The present invention has been made in consideration of such problems as described above, and an object of the present invention is to provide a conference system which allows a participant to easily participate in a remote conference and the remote conference to proceed smoothly while reducing the stress of the remote conference.

Means to Solve the Problems

A terminal of one aspect of the present invention is a terminal for participating in a conference held in a virtual space in which an avatar of a participant is arranged, the terminal including: a collecting unit for collecting a voice of the participant; a control unit for generating control data for controlling the avatar of the participant; a determining unit for determining a state of the participant; a transmitting unit for transmitting voice data, the control data, and a determination result of the participant; a receiving unit for receiving voice data, control data, and a determination result of another participant; a display control unit for determining a display mode of the conference based on the determination result of the participant and the determination result of the other participant; and a display unit for reproducing the voice data, controlling the avatar based on the control data, and displaying a screen of the conference according to the display mode.

Effects of Invention

According to the present invention, it is possible to provide a conference system which allows a participant to easily participate in a remote conference and the remote conference to proceed smoothly while reducing the stress of the remote conference

BRIEF DESCRIPTION OF DRAWINGS

FIG. 1 is a diagram showing an example of an entire configuration of a conference system of the present embodiment.

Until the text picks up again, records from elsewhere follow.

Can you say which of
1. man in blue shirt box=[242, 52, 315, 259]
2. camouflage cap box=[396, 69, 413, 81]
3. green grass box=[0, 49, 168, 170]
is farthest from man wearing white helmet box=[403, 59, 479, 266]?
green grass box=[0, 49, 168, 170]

FIG. 2 is a functional block diagram showing an example of a configuration of a terminal in the conference system of the present embodiment.

FIG. 3 is a flowchart showing an example of a flow of processing for the terminal to transmit data.

FIG. 4 is a flowchart showing an example of a flow of processing for the terminal to display a screen of a conference.

FIG. 5 is a diagram showing an example of a display screen of the conference.

FIG. 6 is a flowchart showing an example of a flow of processing for the terminal to display the screen of the conference.

FIG. 7 is a diagram showing an example of a display of an avatar having a conversation.

FIG. 8 is a diagram showing an example of a display of an avatar having a conversation.

FIG. 9 is a diagram showing an example of a display of avatars having a conversation.

FIG. 10 is a flowchart showing an example of a flow of processing that allows avatars having a conversation to be close to each other.

FIG. 11 is a diagram showing an example on how avatars having a conversation can be close to each other.

FIG. 12 is a diagram showing an example of a screen in which icons are arranged.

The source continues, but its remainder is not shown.